Conosco giornaliste di moda provenienti da partenze impensabili per una giornalista di moda, soprattutto se nella sua vita laica precedente l’aver preso i voti non ha mai azzeccato una maglietta con un pantalone, un golfino con una gonna, in un nuotare a rana nel non stile dello strangolarsi in sciarpette arrotolate male al collo pur di evidenziare delle per lei presunte firme di pregio che al solo leggerne le prime sillabe si era investiti da una zaffata della tristezza delle fiere di carità. E via, nella sua conversione, una volta unta, a parlare di assoluta indiscutibile sacrosantità della moda fin nel suo ultimo orlo. Lo stesso vada per fotografi di moda che della moda non hanno mai avuto la percezione e da laici vibravano più per il manico di una tazza da caffelatte che per un cadere bene di un taglio perfetto in un tailleur, un abito cocktail, un sera, un trapezio, una proporzione, l’equilibrio rarefatto di un eccesso, rimasti fotografi insensibili al capo, a vita, nonostante la ormai annosa pratica. In questa fucilata sparata a Balenciaga alla luce del consunto principio uccidi il padre e la madre, almeno il fotografo è sensibile al capo che fotografa; tant’è che lo sbugiarda e dispettosamente lo tinge delle tinte di un non rivendicato sacrosanto diritto della moda ad essere moda, lo accende di una spennellata che evidenzia il sapore di anelata anabasi, svela la pur sempre inspiegabile voglia di riscatto mascherata da libertà del sarto che nella veste del sarto si sente stretto, sprecato, come una studentessa di filosofia fra i tavoli della trattoria dove lavora per mantenersi agli studi, e rincorre la catarsi smandrakando, senza riuscire a sfondare la parete, attraverso un pretesto vecchio che odora della muffa del punk e di tutti i postumi di postismi moderni o avanguardistici che siano. Non è più la crisi della società, lo dicevo, è la crisi della sartoria. Lo slogan, che ronza come un nugolo di zanzaracce intorno a questo manifesto di rose colte e ricolte sfiorite e appassite e marcite canta la spudorata nenia erroneamente fatta passare per sussurrata delle buone cose di pessimo gusto. Quelle non sussurrano, urlano, hanno sempre urlato. E grazie al cielo, sono certo, il mio mal di testa non ha nulla a che fare con il gap cosmico della mancanza di senape in un giorno di neve.

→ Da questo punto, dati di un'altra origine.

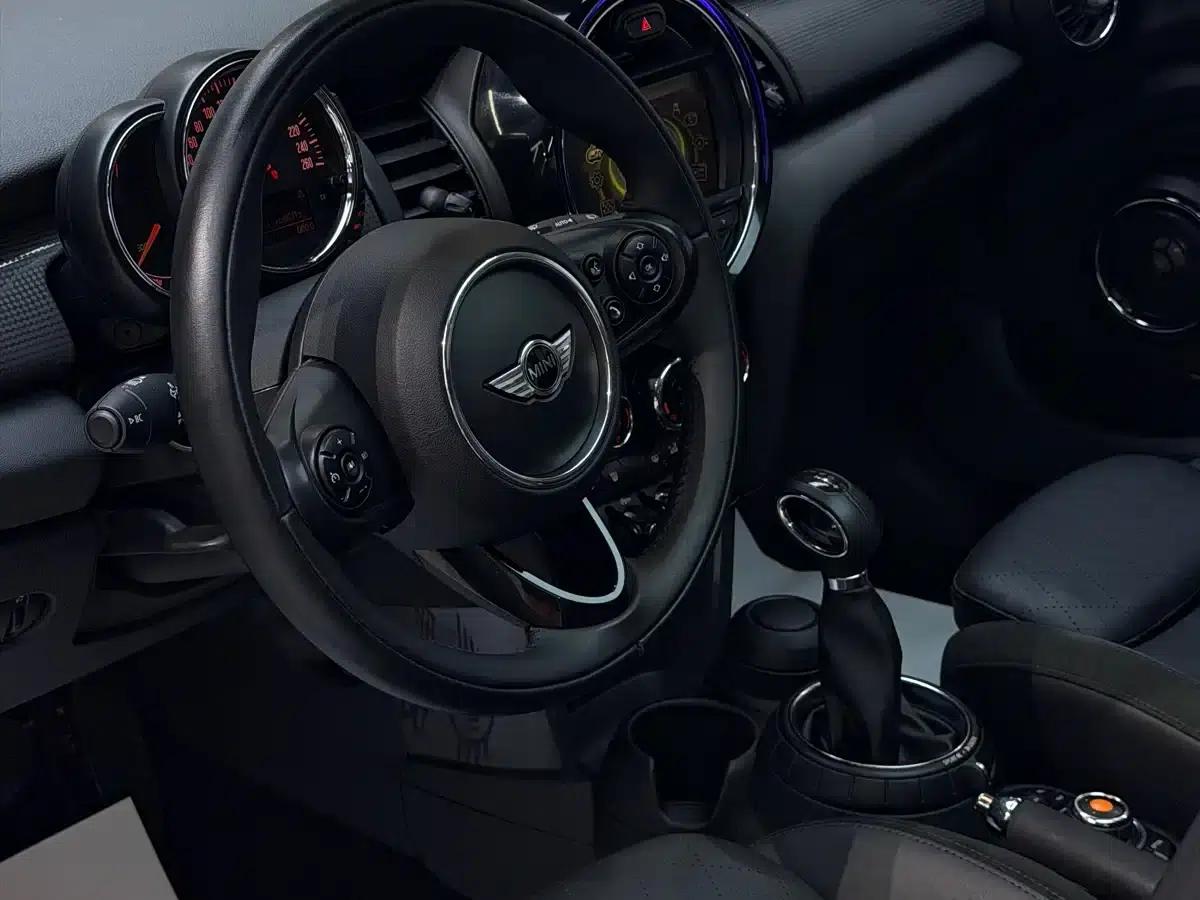 2015 MINI 1.5T COOPER Excitement 5-door version — миниатюра 8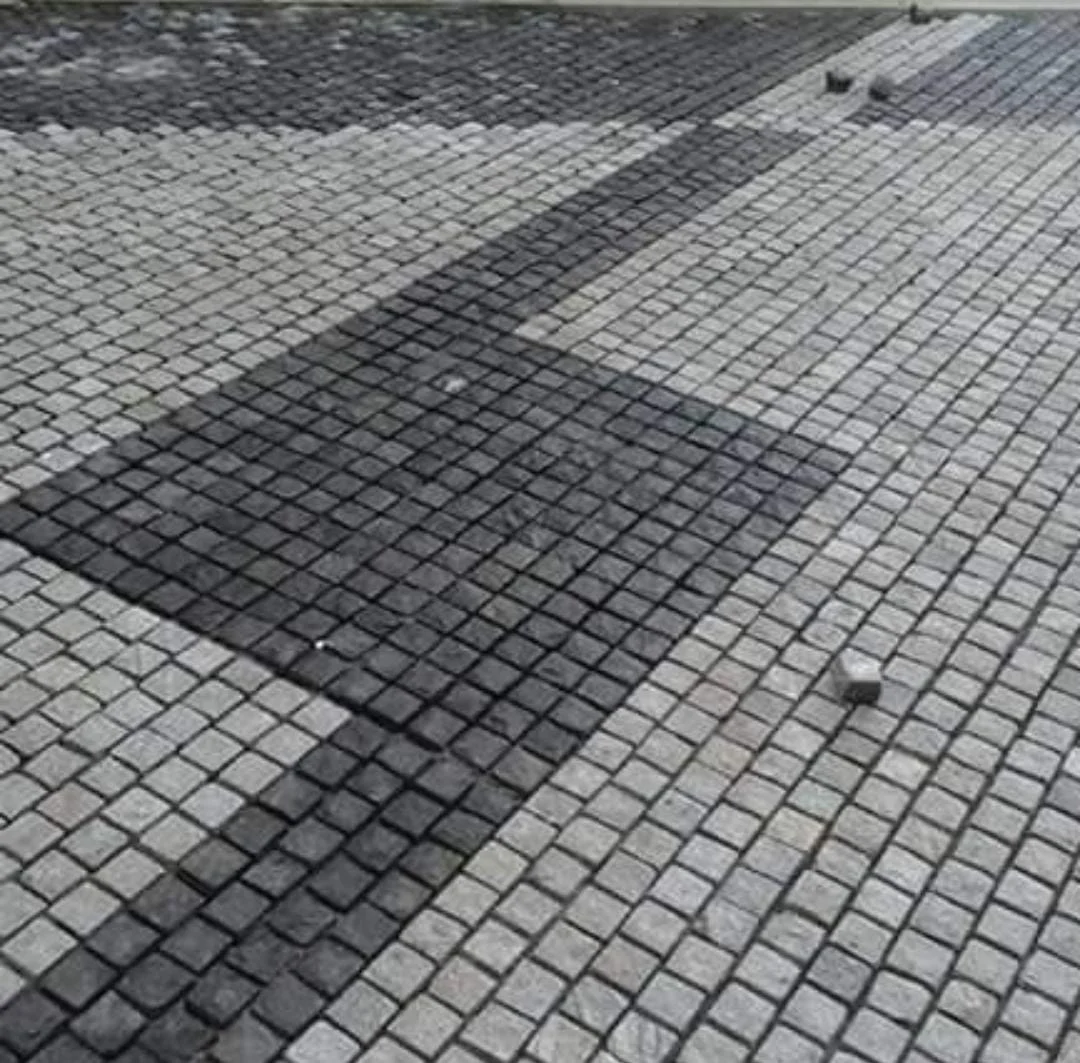 Cobble Stone Lying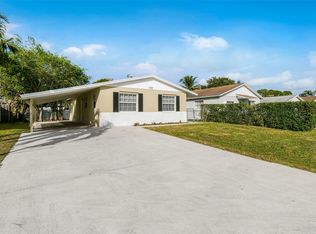 1227 Cherokee St, Jupiter, FL 33458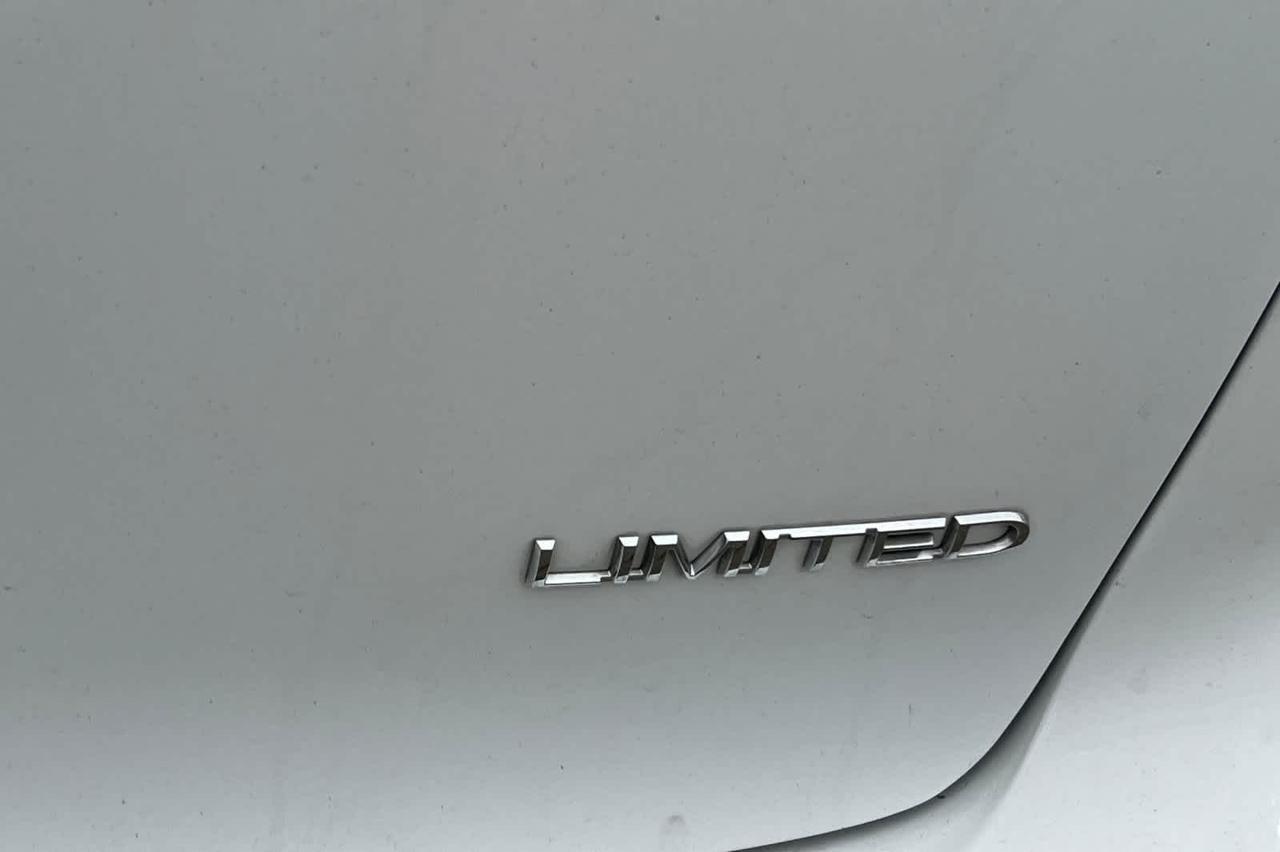 2017 Chrysler Pacifica Limited Roseville CA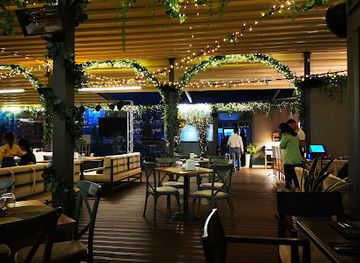 kazakhstan/mangystau-peninsula/restaurant/skal-naya-tropa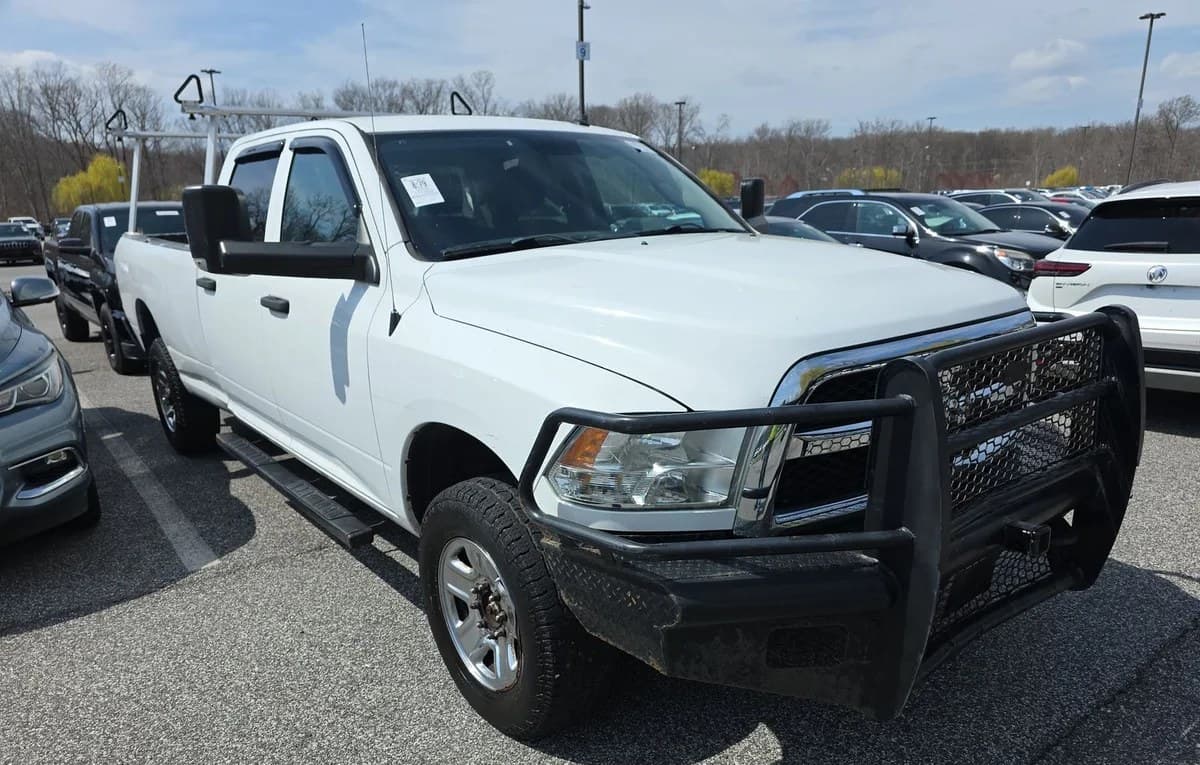 2018 RAM 2500 TRADESMAN CREW CAB LONG BED 4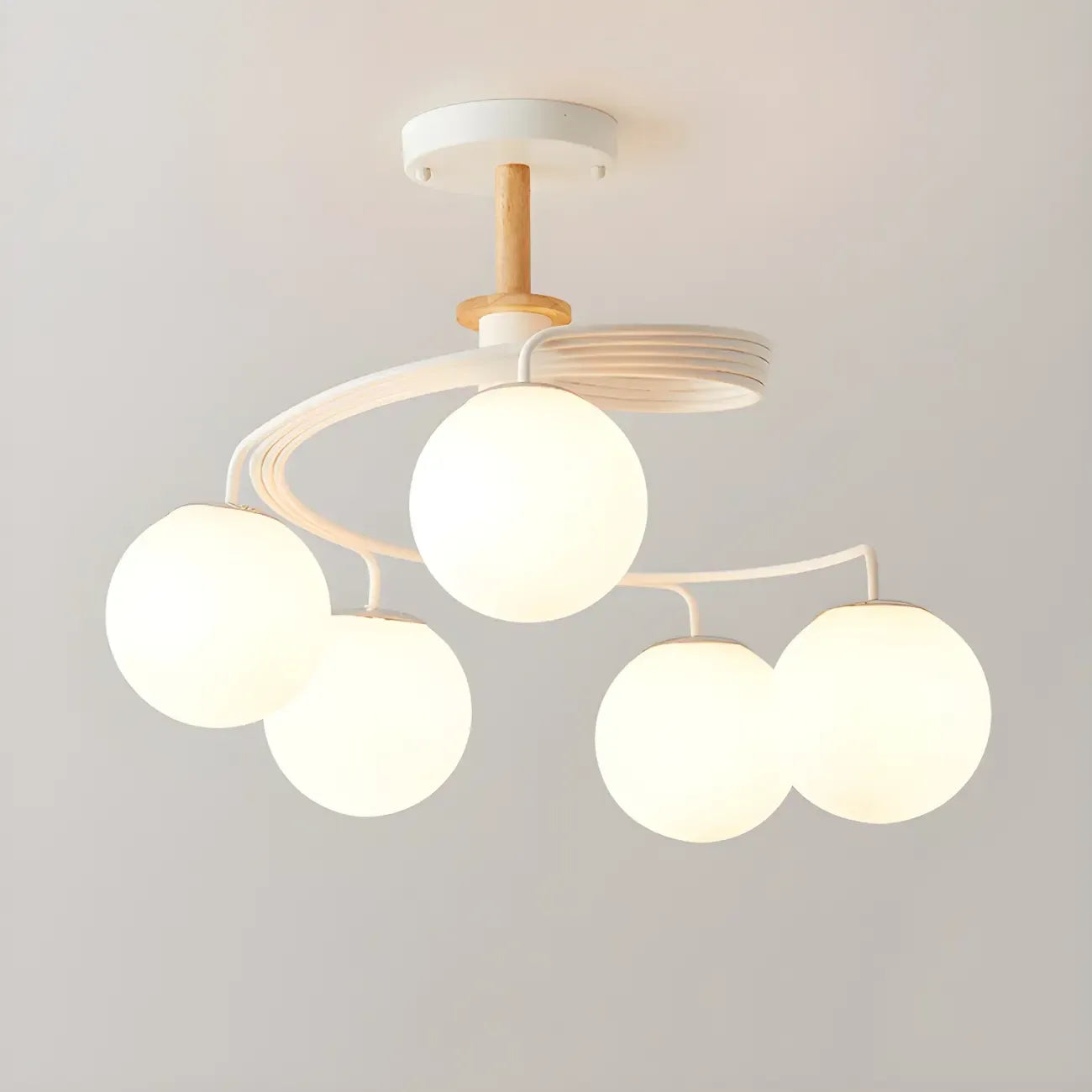 Plafonnier semi-encastré moderne en métal avec ampoule globe.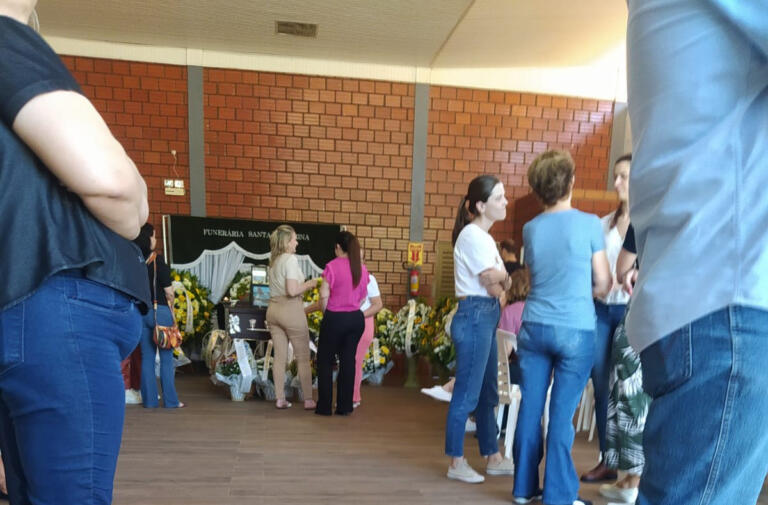 Velório de Dirceu da Cruz Vianna está sendo realizado no pavilhão da Igreja Católica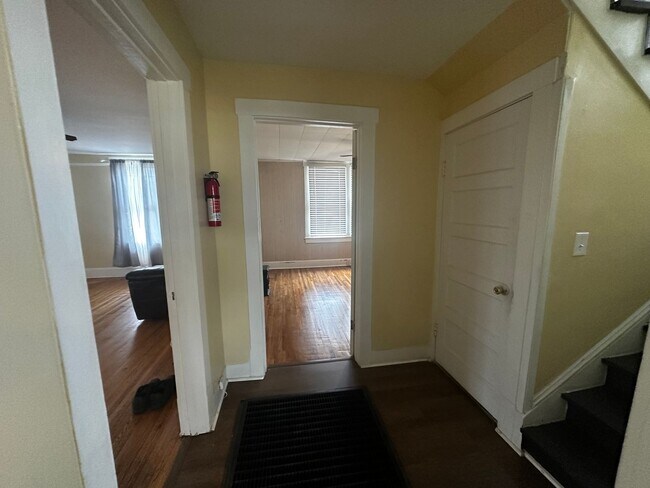 Building Photo - Spacious Home in Pulaski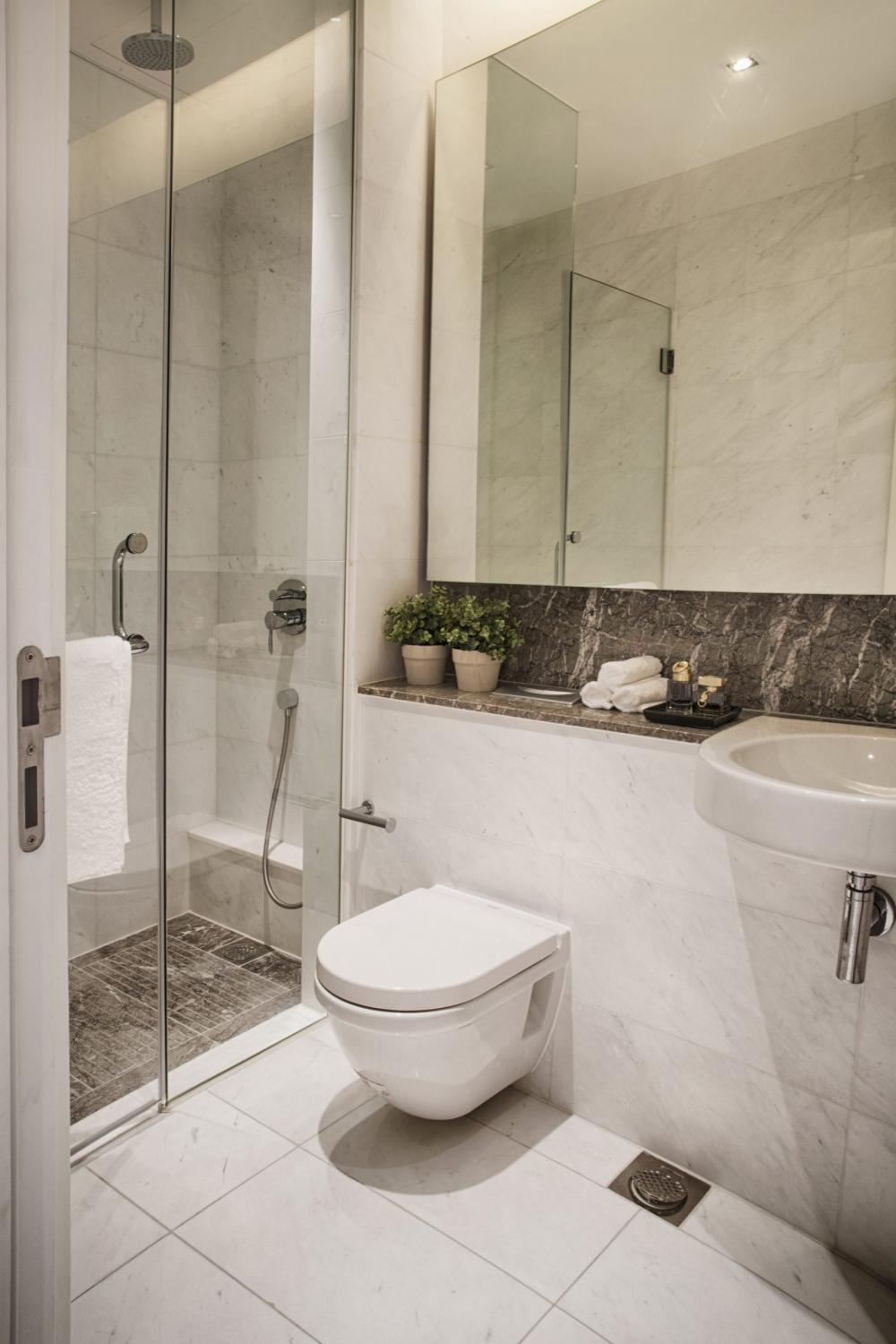 Contemporary Bathroom with Mirror and Shower Screen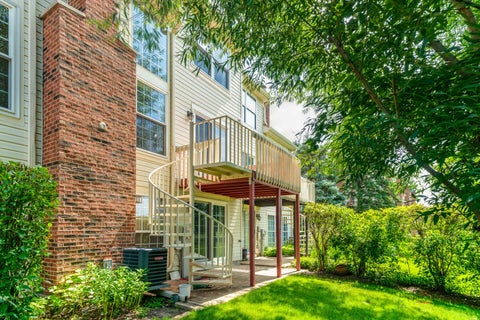 Tiny photo for 2207 Seaver Lane, Hoffman Estates, IL 60169 (MLS # 12696023)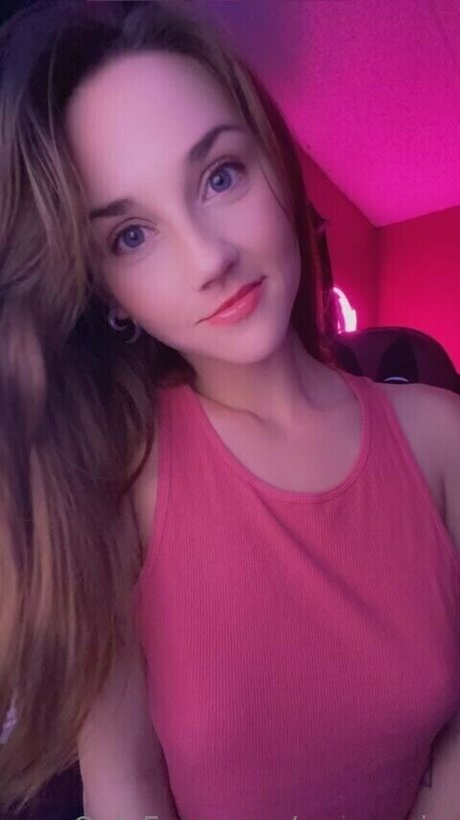 avacrucio schauspielerin nacktheit galerie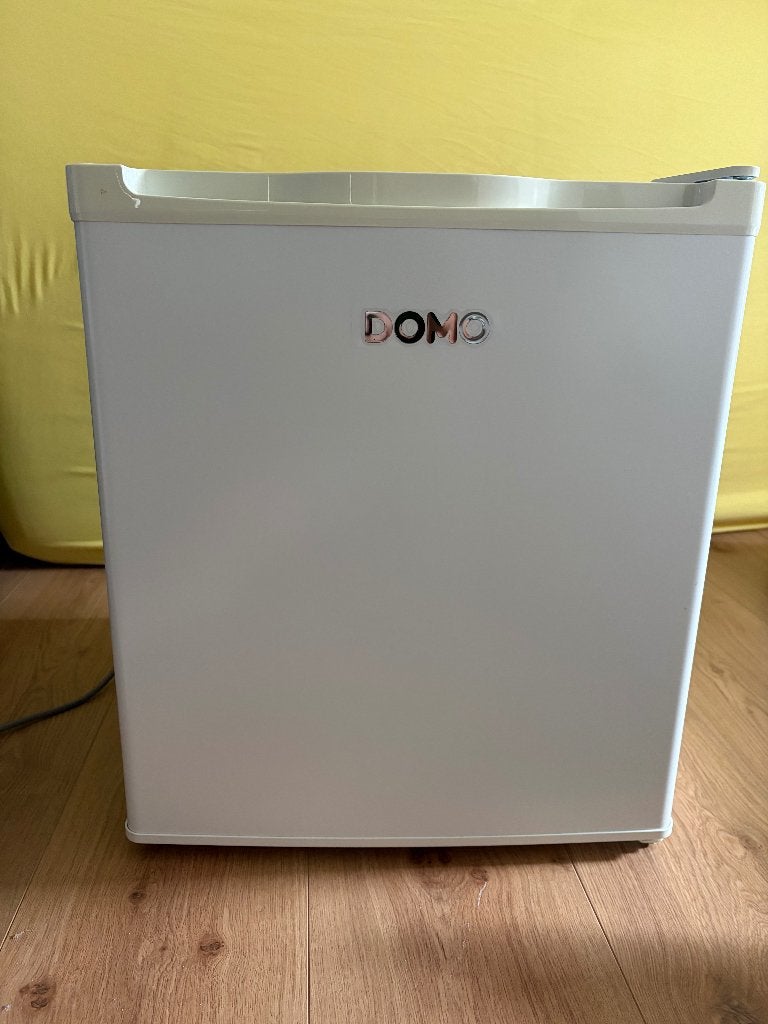 DOMO mini koelkast 43L, Ophalen, Zonder vriesvak, Minder dan 85 cm, 45 tot 60 cm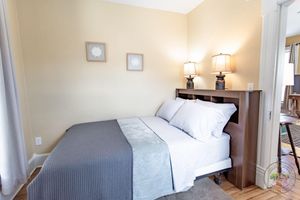 Alquiler Vacacional - Sugar River Suite - Your Sweet Escape in the Heart of it All!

Esiste anche la cultura del brutto che non collocherò territorialmente, che fa parte di gusti locali, di civiltà in cui l’eroe è magnificamente cattivo, le mamme muoiono e i bimbi s’arepijano cantando su un prato a strapiombo sulla felicità, esistono territori della storia in cui l’arte del disseminare di Medea ispira strategie di sopravvivenza vittoriose, esistono terre, mentali o no, dove si coltiva la bellezza dell’orrido  (vedi bruttezza del design francese in molta oggettistica Anni 30), per cultura, per estetiche etnogenetiche, ma anche lì, se si lancia un ponte ad attraversare uno stretto, lo si vede arrivare sull’altra sponda, in un qualche accidenti di altra parte; più riscontrabile fisicamente che concettualmente, quando si tratta di robe. O anche no, ma allora si tratta d’altro. La professione della signora Warren era inequivocabile, come la quadratura del cerchio. Lo schiavismo della libertà. La meravigliosa pasticceria di Trieste, dove le commesse in guanti bianchi armate di pinze asburgiche servivano mignon microscopici sulle trine di piattini di porcellana. Il mio cuore che da sempre palpita per il catalogo Black & Decker ne usciva diabetico. Che poi va bene tutto, invece, come è anche sacrosanto tutto il contrario di tutto quello che ho detto fin qui. Viva le pitture rupestri del Borneo e viva Rembrandt, Vasarely e la moka, Narnia e Narni, i misteri eleusini e il quesito con la Susy, Icaro e lo skateboard, Policleto e il silicone. Viva la sperimentazione viva , viva l’Avanguardia, quella vera, quella approssimativa e perfino quella scaltra, viva lo slancio verso qualsiasi direzione che colga ‘ndo colga come un Nostòs nella buriana, in un tifone e in bonacce da vertigine, viva le Veneri e le veneree da Factory, viva il pistone ovale nel cilindro zigzagato, viva, Viva, VIVA! Ma, una precisazione che mi preme davvero: di diabete, è poi morta l’orrenda Mary Poppins?